It stores package identity, package roots, exact request and result bytes, current heads, and opaque configuration values. Zinc does not interpret package behavior. Packages decide what their software, settings, models, scripts, and documents mean.
Use Zinc when you want a stable record of work without making the core responsible for every kind of software behavior.
- Remember which packages are installed.
- Read package manifests and files by URI.
- Store exact request and result bytes as fragments.
- Move a target/request head to the fragment that produced the result.
- Keep configuration values opaque.
- Run package software through a simple file-based request boundary.
Zinc is not a package execution layer, model execution layer, shell layer, policy engine, or output type system.

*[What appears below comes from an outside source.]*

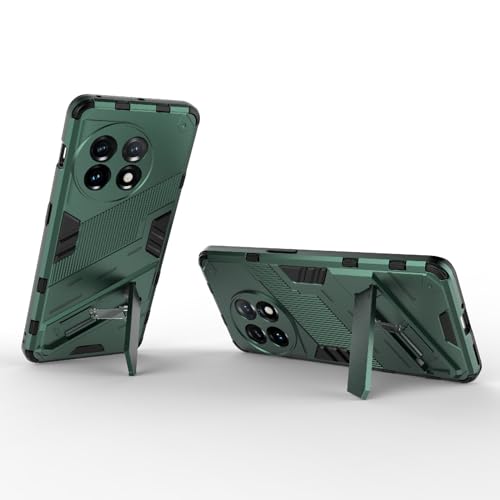 Image of SPL Punk Armor Bumper Back Case Cover for OnePlus 11 5G | Holder & Kickstand in-Built | 360 Degree Protection Back Case Cover (Green)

That is intentional. Package behavior changes often and varies by provider, platform, and human preference. Zinc stays small by remembering facts and moving pointers instead of owning package semantics.
| Page | Use it for |
|---|---|
| Architecture | How Zinc fits with Circuitry, packages, and Limbo. |
| Fragments and Heads | Exact byte records and current pointers. |
| Packages | Package identity, manifests, and installation facts. |
| Package Software | How Zinc runs package software without owning its behavior. |
| Shapes | How Circuitry shape bytes are stored and used. |
| Executor | How zn run advances work. |
| URI Reference |
zinc:// read paths. |
| Update | Zinc self-update behavior. |
Zinc's strongest opinion is also its smallest: remember exact bytes and move heads.
That keeps the core understandable. A fragment is a record of one piece of work. A head is the current pointer for a target and request. Packages interpret bytes however they need.